The whole world piled into what had been the hottest stock market in the universe. Chinese stocks had been endlessly hyped in the US and elsewhere. For the smart money, it was a game of chicken; ride it up and get out just before the crash.

Chinese stock markets had more than doubled in 12 months, propelled also by margin debt, cheap credit all around, and the irresistible desire to get rich quick. Everyone in China, from street vendors to housewives, suddenly opened margin accounts in Hong Kong and mainland China, and borrowed money to buy stocks. Outstanding margin debt ballooned to $348 billion, even while insiders were reportedly dumping stocks. A well-oiled wealth-transfer machine.

It was one heck of a party. By early June, it had created $6.5 trillion in “value” over a period of 12 months; 63% of China’s 2014 GDP!

The Chinese government continued to aid and abet that wealth transfer by touting stocks. Even in March, as stocks had already reached dizzying heights, a spokesman for the China Securities Regulatory Commission said that the soaring valuation for Shanghai-listed shares had its own “inevitability and rationality,” such as China’s “improving economic conditions.”

Then someone accidentally turned off the juice.

Over the last ten trading days, the Shanghai Composite Index has plunged 19%, including 7.4% on Friday – the steepest two-week plunge since December 1996. The Shenzhen Composite has given up 20%, and the startup-focused ChiNext Index has plummeted 27% over the last three weeks, including 8.9% on Friday. According to Bloomberg, by Thursday, margin debt has dropped four days in a row. Markets were running out of propellant.

And on Saturday, the People’s Bank of China tried to put a stop to it. It cut its benchmark interest rates by 25 basis points, to 4.85% for the one-year lending rate and to 2% for the one-year bank deposit rate. The fourth cut since November. The last cut on May 10 had stemmed a much smaller rout and had re-ignited the propellants to drive stocks to greater highs. But the descent since has been brutal.

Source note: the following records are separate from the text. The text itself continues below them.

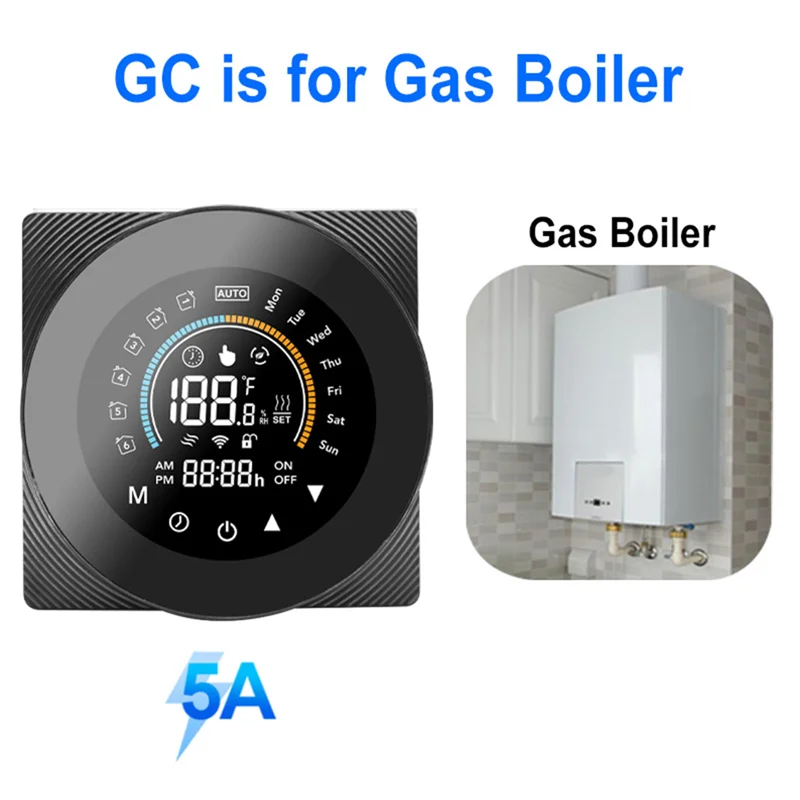 

B30C-Tuya Smart Life Wi-Fi термостат контроллер переключатель водяной газовый котел 5A 110 В, 220 В, для Alexa, Google Home черный простой в использовании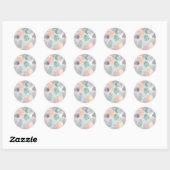 Sticker Rond Aquarelle Pastel douce (Feuille)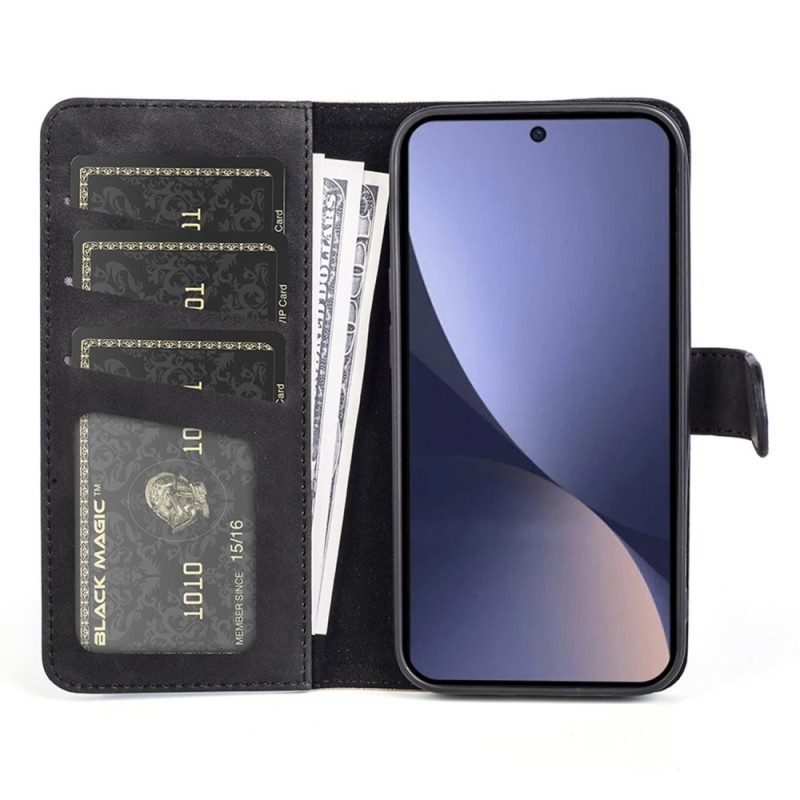 Folio Cover Xiaomi 13 Pro Stile In Pelle Ondulata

The PBOC also lowered by 50 basis points the reserve requirements for lenders, such as city commercial and rural commercial banks, that specialize in loans to smaller businesses and agricultural enterprises. This would allow these banks to lend more. However, the PBOC didn’t cut the reserve requirements for the largest banks that control much of the financial system.

If stocks continued to plunge, it would trigger more margin calls, which would trigger more forced selling, which would depress prices further and thus trigger more margin calls…. Lu Ting, Chief Economist at Huatai Securities, told Bloomberg that this could lead “to a stampede.” But the government wanted to avoid “panic in the financial markets.”

“There is a risk of collapse in China’s stock market which has substantial margin trading and leveraged funds, and the government aims to reduce that risk,” Xu Gao, chief economist at Everbright Securities in Beijing, told Bloomberg. And in order to “reduce” that risk, the government is trying to get people to take even greater risks.

It has another very good reason to reignite the propellants and keep the wealth-transfer scheme operative for a while longer: state-owned companies that are drowning in debt need to sell shares to raise some fresh money, and for that to happen there needs to be a hot bull market with seething liquidity where speculators are buying up blindly everything they see.

Local governments too are drowning in debt. They need to issue about 2.8 trillion yuan ($451 billion) of debt this year to stay afloat and keep the economic mirage alive. They too need liquidity to do this, but that liquidity has been evaporating. Bloomberg pointed out that the Ministry of Finance last week “failed to meet its target at a bond auction for the first time since July 2014 amid the surge in municipal issuance.”

With all these issues going on, the PBOC “doesn’t want a panic caused by the stock rout to spread,” said Shen Jianguang, chief Asia economist at Mizuho Securities Asia in Hong Kong. “That would lead to financial instability.” Though financial instability is precisely what comes in the wake of an economy powered for years by monetary propellants.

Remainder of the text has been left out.